■ EXERCISE INSTRUCTIONS: Pictures excluded, output the lines of the data below between the one holding "White Good Night" and the one holding "Butterfly and Hippo", inclusive, exactly as they stand.

** DATASET CONTENT follows **

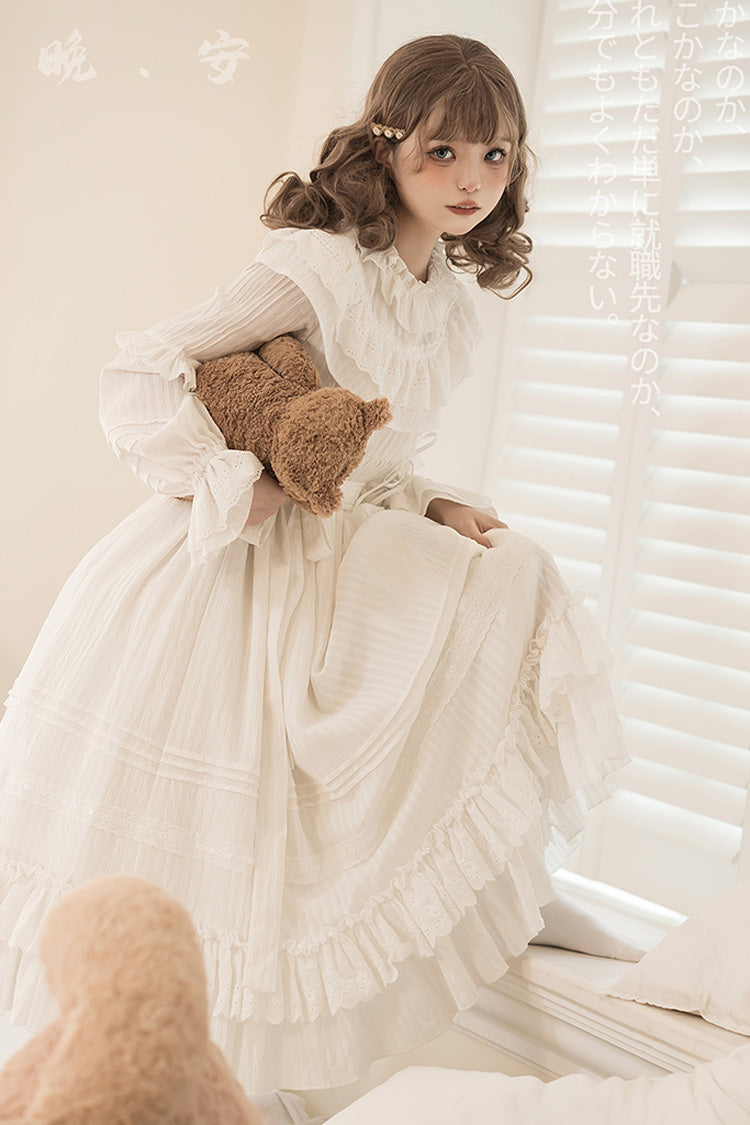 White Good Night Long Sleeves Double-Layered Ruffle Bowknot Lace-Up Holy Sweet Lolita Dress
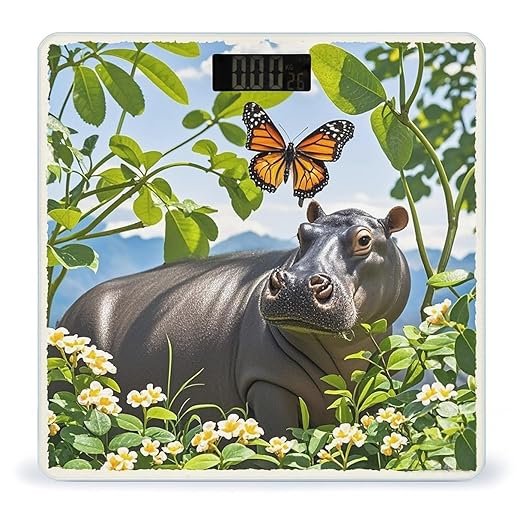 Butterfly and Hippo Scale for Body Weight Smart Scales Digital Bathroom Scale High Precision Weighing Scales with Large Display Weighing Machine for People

** End of DATASET CONTENT **
** DATASET CONTENT follows **

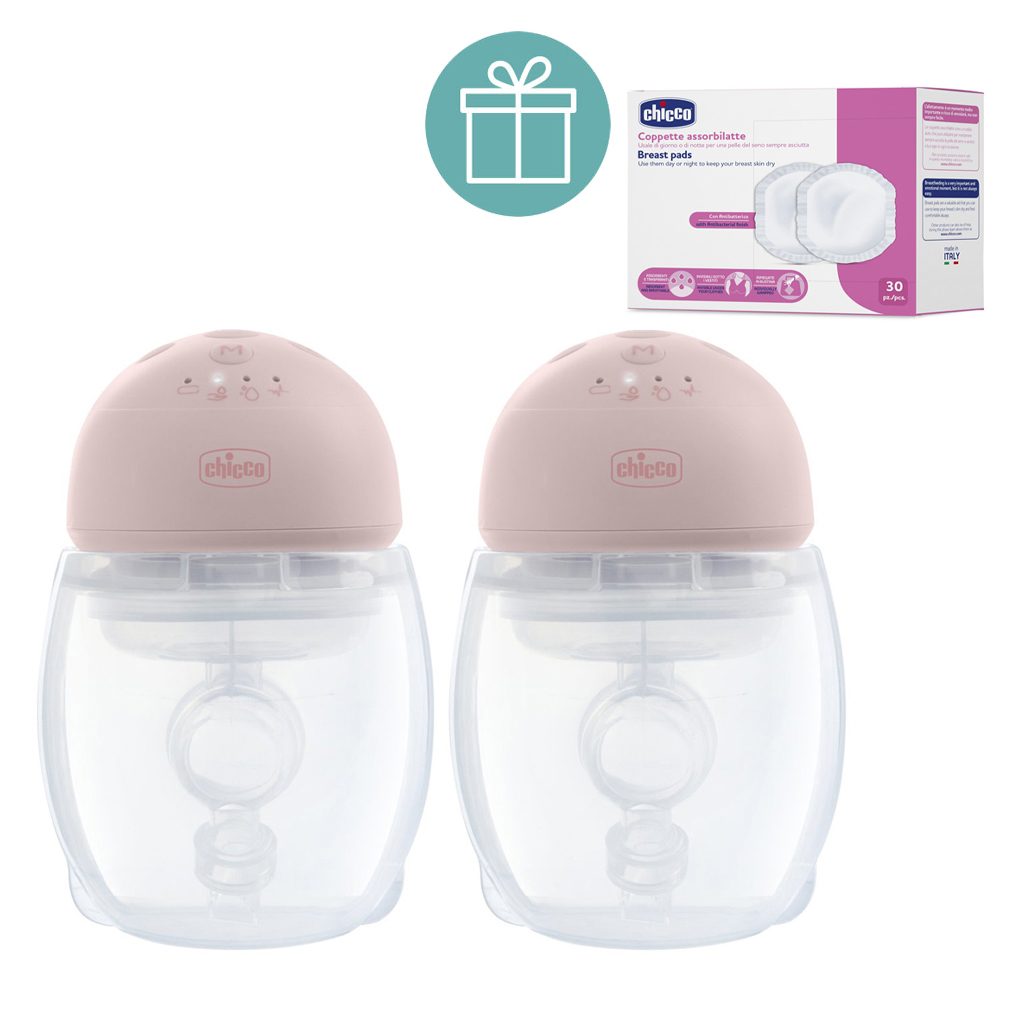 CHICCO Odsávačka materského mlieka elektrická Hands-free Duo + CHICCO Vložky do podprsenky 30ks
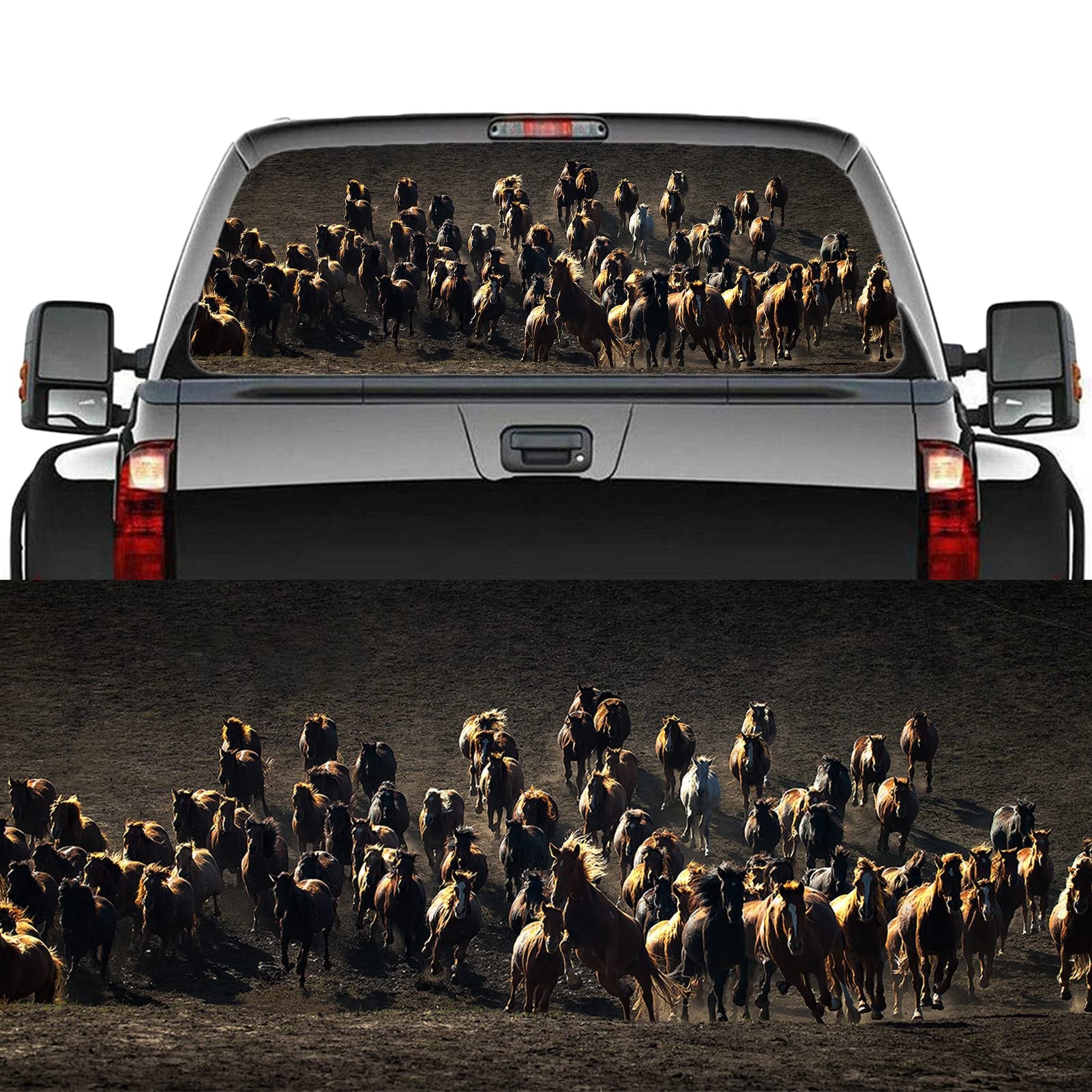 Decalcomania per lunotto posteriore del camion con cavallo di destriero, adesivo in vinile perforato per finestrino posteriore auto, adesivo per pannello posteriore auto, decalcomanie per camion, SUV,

** End of DATASET CONTENT **

■ EXERCISE ANSWER:
 White Good Night Long Sleeves Double-Layered Ruffle Bowknot Lace-Up Holy Sweet Lolita Dress
 Butterfly and Hippo Scale for Body Weight Smart Scales Digital Bathroom Scale High Precision Weighing Scales with Large Display Weighing Machine for People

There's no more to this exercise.